Interview: Tetris - The Making of an Icon
We interview two game prodigies, Alexey Pajitnov & Henk Rogers, whose fasninating story behind Tetris goes right to the top of NCL - with plenty of twists along the way.
Kikizo: Talking about Hexic brings me to an observation of mine. A lot of people don't know you've done work on all these games. A lot of people play Hexic HD on the 360 and they have no idea it's one of your games.
Kikizo: So it's not like it's a conscious decision of yours to keep your name off the product?
Pajitnov: Oh, no, it just happened. I created everything, it's there, they just didn't use my name for advertisement, that's it. I don't know for what reason because for Pandora's Box they did it and for Hexic they didn't. I didn't mind it either way. They pay my salary you know.

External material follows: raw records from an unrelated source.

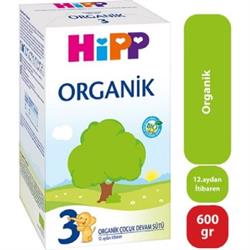 Hipp 3 Organik Devam Sütü 600 gr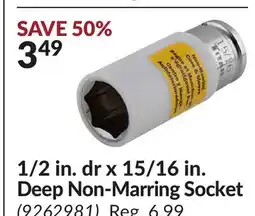 Princess Auto 1/2 in. dr x 15/16 in. Deep Non-Marring Socket offer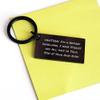 Developer Gift Ideas, Funny Keychain, Christmas Memorable Presents for Men - 'Caution: I'm A Retired Developer. I Have Stories And All Days To Talk. Stay At Your Own Risk!' view 3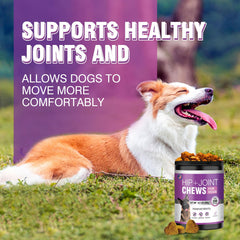 TTLXRL Glucosamine dog chicken flavor chews entice dogs to eat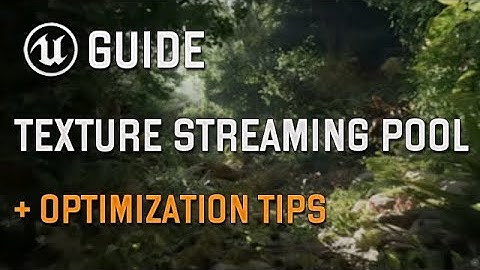 Texture Streaming Pool over budget ? ✅ Complete GUIDE for Unreal Engine 5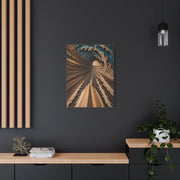 Wooden Barrel Tunnel Surf View Wall Art & Canvas Print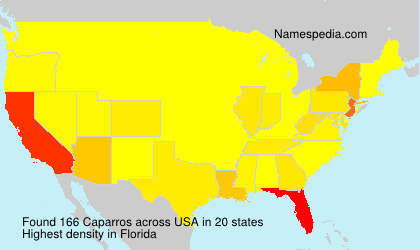 Surname Caparros in USA Surname Caparros in USA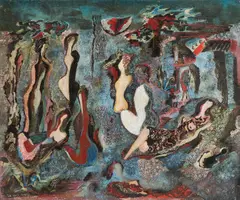 Victor Bauer, The dark dream, 1946, oil on canvas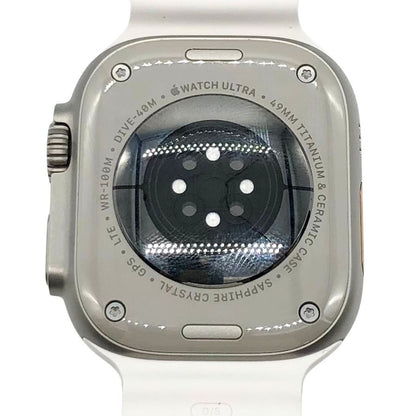 アップルウォッチ ウルトラ 2 A2986 GPS+Cellularモデル 49mm ユニセックス チタニウム グレー アクティベーションロックあり Apple Watch Ultra 2【AFI21】【中古】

Kikizo: I was wondering about it because in the past we have seen that they put your name on the box to push a title and we see examples these days where they slap the name of a designer on the box of a freeware PC game conversion so they can sell it by associating said designer with a game he had little do with, like Every Extend Extra on PSP, for instance, where the game gets sold on Tetsuya Mizuguchi's star power.
Pajitnov: [Laughs] Well Spectrum Holobyte tried to do something like that with me, like I mentioned a bit before. That is what publishers sometimes do and it is all part of the marketing. Like I said, I don't mind if the games I get attached to are really good games and I don't get involved into what marketing does. I like to make games so that is what I do and they do their job. Sometimes that doesn't work out the way you want but I am not a specialist in marketing so I don't get involved in that. Whatever marketing asks, I do. If they want my name on the box, sure, if they don't want it on there, I don't mind.
Kikizo: You won the GDC game design challenge this year. Will you be competing again next year?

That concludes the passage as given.